Despite the upcoming good news, Webull still posted a Q1 2026 GAAP net loss of $21.7 million. Investors now need proof that the upcoming deregulation on June 4 converts into earnings transactions and earnings growth.

Self-clearing approval expands Webull's margin path

Most retail brokers rely on outside firms to clear and settle their trades, essentially paying a middleman to handle the back-end processing of every transaction. Webull's newly approved U.S. self-clearing license changes that. It means Webull can now handle custody, settlement, and transaction processing entirely in-house, cutting out third-party fees and keeping more of the economics from every trade it executes.

Denier called the approval "a huge game changer" because this cost reduction flows directly to Webull's profit. Webull can also pass some of the savings to customers, making the platform more competitive on pricing, especially for B2B clients.

Webull posted a 9.3% adjusted operating margin in Q1, and self-clearing gives the company a credible path to improve that figure as third-party processing costs fall and incremental trading volume becomes more profitable. The company still needs approvals from DTCC for equities and OCC for options, and doesn't expect full operations until Q4.

The payoff also reaches beyond retail brokerage. Institutional flow already made up 9.5% of platform equity volume in Q1, giving Webull an early foothold outside its app-based retail base. Self-clearing strengthens that push because institutions and B2B clients value operational control, custody, and settlement reliability as much as trading tools.

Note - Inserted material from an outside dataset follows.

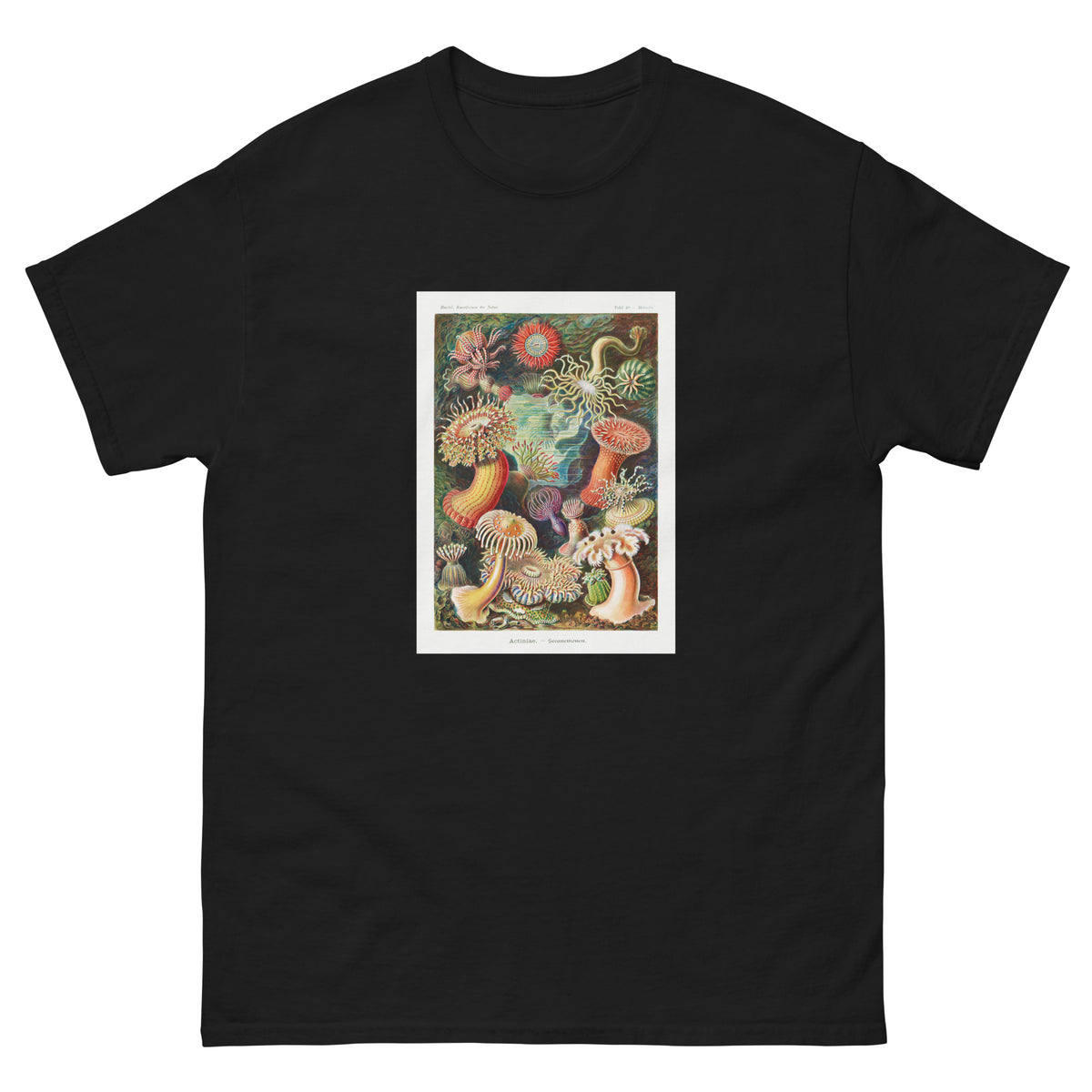 Black T-shirt Actiniae Seeanemonen Essential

What could keep Webull climbing

  • PDT rule changes increase trading activity from smaller retail accounts
  • Strong existing engagement helps convert higher activity into sustained revenue growth
  • Self-clearing lowers processing costs and improves margin potential
  • Client asset growth expands monetization opportunities across trading and lending
  • Institutional trading volume diversifies the revenue base beyond retail activity

What could derail Webull's thesis

  • Trading activity fades, possibly due to large market downturns that wipe out margin accounts
  • Self-clearing implementation delays push out margin improvement
  • Heavy trading activity shifts toward lower-margin products
  • Institutional expansion slows if execution or reliability issues emerge
  • Rising compliance, support, and technology costs keep profitability under pressure

Key takeaways for Webull

Webull's story is increasingly about operating leverage. The key question is whether higher trading activity can translate into stronger margins and earnings power. The June 4 PDT rule change could become a major catalyst by increasing activity from smaller retail accounts and driving more assets onto the platform.

Self-clearing, institutional trading growth, and AI-driven trading tools could also improve margins and deepen customer engagement as Webull scales.